On y verra que Monsieur Canac n'aimait pas trop les jolis manuels de CP et les petits lapins et qu'il préférait la première abstraction que constituaient pour les enfants les jetons et les bûchettes à manipuler. Il avait peur que ces jolies bestioles détournent l'enfant de la recherche mathématique. Peut-être les images pénétraient-elles moins à l'époque dans les maisons qu'aujourd'hui et les enfants de six ans étaient-ils plus enclins à leur observation méthodique qu'aujourd'hui ?

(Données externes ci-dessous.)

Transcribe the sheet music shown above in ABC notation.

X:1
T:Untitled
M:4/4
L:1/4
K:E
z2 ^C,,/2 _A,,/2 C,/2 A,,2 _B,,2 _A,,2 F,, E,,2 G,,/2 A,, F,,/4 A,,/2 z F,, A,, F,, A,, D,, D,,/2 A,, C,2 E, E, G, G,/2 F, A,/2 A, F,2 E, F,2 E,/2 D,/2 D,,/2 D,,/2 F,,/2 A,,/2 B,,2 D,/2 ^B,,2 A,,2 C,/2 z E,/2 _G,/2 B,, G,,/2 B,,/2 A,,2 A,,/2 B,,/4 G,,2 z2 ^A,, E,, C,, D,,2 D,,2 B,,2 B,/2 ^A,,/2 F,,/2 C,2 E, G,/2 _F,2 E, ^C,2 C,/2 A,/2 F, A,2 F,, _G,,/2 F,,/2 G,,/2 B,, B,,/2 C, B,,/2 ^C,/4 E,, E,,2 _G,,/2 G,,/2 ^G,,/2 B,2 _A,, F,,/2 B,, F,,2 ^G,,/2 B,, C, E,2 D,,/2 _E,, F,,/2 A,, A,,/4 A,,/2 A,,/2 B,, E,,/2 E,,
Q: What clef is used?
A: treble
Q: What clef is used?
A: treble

Qu'il faille arriver au schéma avant la fin du CP, mes collègues concepteurs du nouveau Compter Calculer au CP (argh, de la pub ! mais non, ouf, je suis chez moi et j'ai le droit de le faire) et moi-même avons décidé que nos petits qui arrivent au CP auront droit au début aux petits lapins qui tordent les oreilles mais que, progressivement, nous les dirigerons vers les schémas et les représentations "constellantes", d'abord parallèlement aux petits lapins et aux fleurs des champs puis, de plus en plus, seulement grâce au matériel simple qui les met sur le chemin de l'abstrait.

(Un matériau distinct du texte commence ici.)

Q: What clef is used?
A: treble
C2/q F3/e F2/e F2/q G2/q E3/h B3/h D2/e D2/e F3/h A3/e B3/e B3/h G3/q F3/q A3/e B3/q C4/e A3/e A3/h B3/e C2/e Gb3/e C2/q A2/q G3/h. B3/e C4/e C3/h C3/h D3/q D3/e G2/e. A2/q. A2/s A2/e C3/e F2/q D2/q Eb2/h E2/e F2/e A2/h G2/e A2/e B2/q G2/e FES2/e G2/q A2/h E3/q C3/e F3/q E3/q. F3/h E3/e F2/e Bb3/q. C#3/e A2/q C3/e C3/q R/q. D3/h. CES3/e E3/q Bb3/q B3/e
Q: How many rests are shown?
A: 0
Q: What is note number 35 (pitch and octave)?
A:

On y verra que fréquenter un nombre, c'est peu à peu intégrer sa représentation constellante, conçue pour pouvoir mettre en avant les particularités du nombre. On apprendra que cette représentation donnera lieu à l'apprentissage du calcul, d'abord en manipulation, puis en dessins où elle sera prétexte à la découverte et à la mémorisation réfléchie des premiers éléments de géométrie. Puis qu'enfin, on demandera de se représenter les nombres en "imagination" où l'élève continue à connaître le nombre globalement comme une quantité tangible et se repère en évoquant le schéma qu'il connaît bien jusqu'au jour où ce nombre lui parlera "en direct" sans passer par la représentation.
Forte de cette lecture, j'ai observé de plus près mes petits CP en train de calculer et j'ai vu, à leur attitude face au calcul, ceux qui, sur les nombres de 1 à 10 (nous venons de finir les pages consacrées au nombre 11), en étaient encore à l'évocation physique des collections (sur leurs doigts, sans surcompter, seulement en associant 6 et 4 par exemple), ceux qui avaient déjà rendu mentale cette évocation et ceux qui l'avaient dépassée.
Quant à mes "tout-petits" de GS, qui en arrivent bientôt eux au nombre 5, le jeu de l'autobus, pratiqué hier pour la première fois m'a montré que les sept enfants, quel que soit leur mois de naissance, savent déjà que 4 + 1, 3 + 2 et 1 + 4, c'est 5. En revanche, lorsque 2 personnes montent dans l'autobus, ils doivent regarder leur main pour me dire qu'il faut encore en faire monter 3.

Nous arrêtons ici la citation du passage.